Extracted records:
******************************
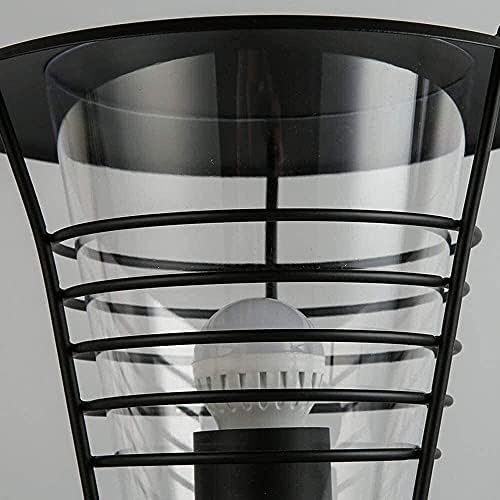 SDFDSSR Black acabamento preto Lâmpada de pilares do pátio IP65 à prova d'água ao ar livre e à prova de chuva coluna de parque leve coluna Lanterna Courtyard Fence Pillar Lanterna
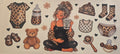 Expectant mother with leopard print baby accessories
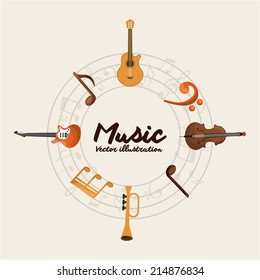 music design over white  background vector illustration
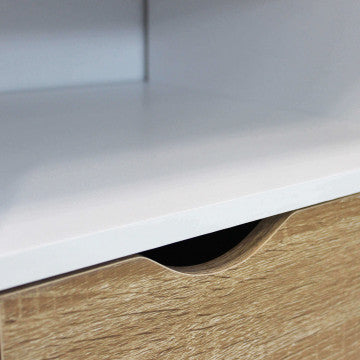 Mobile porta TV 2 cassetti 4 ripiani legno bianco grigio 117x39x58cm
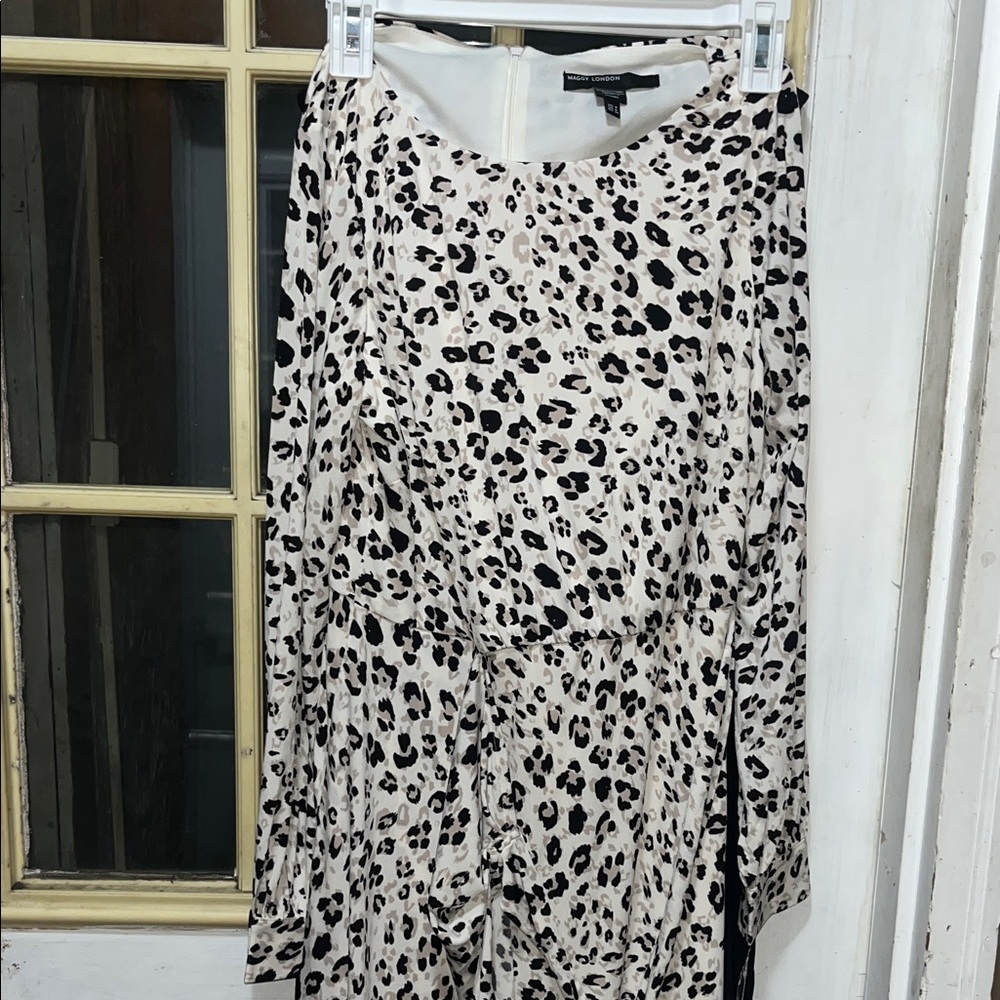 NWT Maggy London Leopard Print Dress - Black and Cream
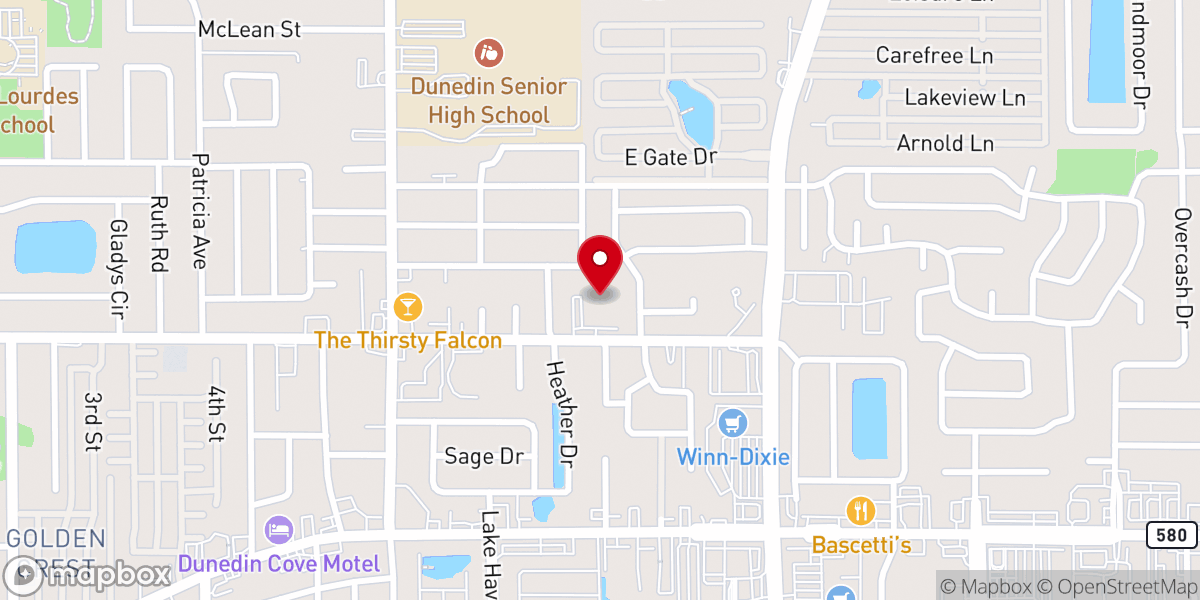 Map showing location of First Christian Church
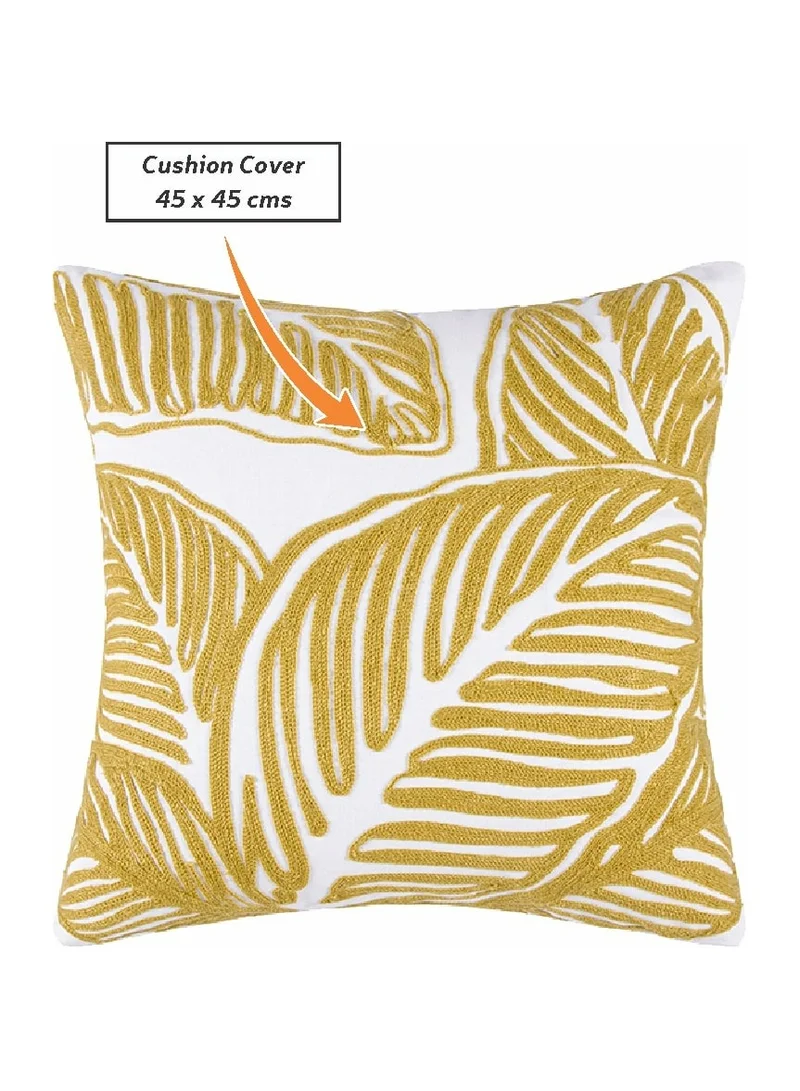 Donetella Decorative leaf Embroidered Cushion Cover yellow/White 45x45Cm (Without Filler)
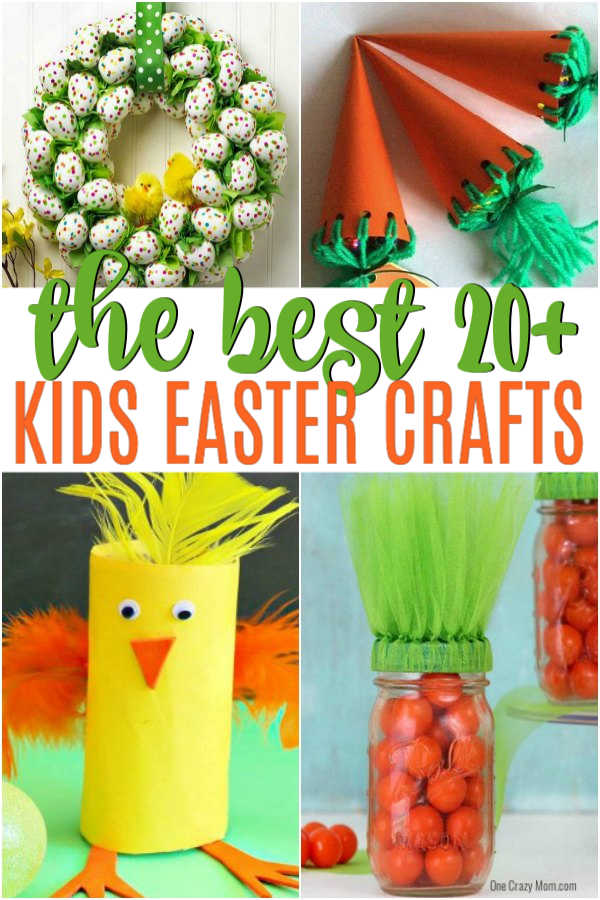 Try some of these quick and easy Easter crafts for kids. The ideas are endless and fun for the entire family. Find 20+ easy Easter crafts. Collage of Easter crafts.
******************************
### Task instructions
A faithful copy of each entry is required, and no picture may be carried into it.

### Response box
 SDFDSSR Black acabamento preto Lâmpada de pilares do pátio IP65 à prova d'água ao ar livre e à prova de chuva coluna de parque leve coluna Lanterna Courtyard Fence Pillar Lanterna
 Expectant mother with leopard print baby accessories
 music design over white  background vector illustration
 Mobile porta TV 2 cassetti 4 ripiani legno bianco grigio 117x39x58cm
 NWT Maggy London Leopard Print Dress - Black and Cream
 Map showing location of First Christian Church
 Donetella Decorative leaf Embroidered Cushion Cover yellow/White 45x45Cm (Without Filler)
 Try some of these quick and easy Easter crafts for kids. The ideas are endless and fun for the entire family. Find 20+ easy Easter crafts. Collage of Easter crafts.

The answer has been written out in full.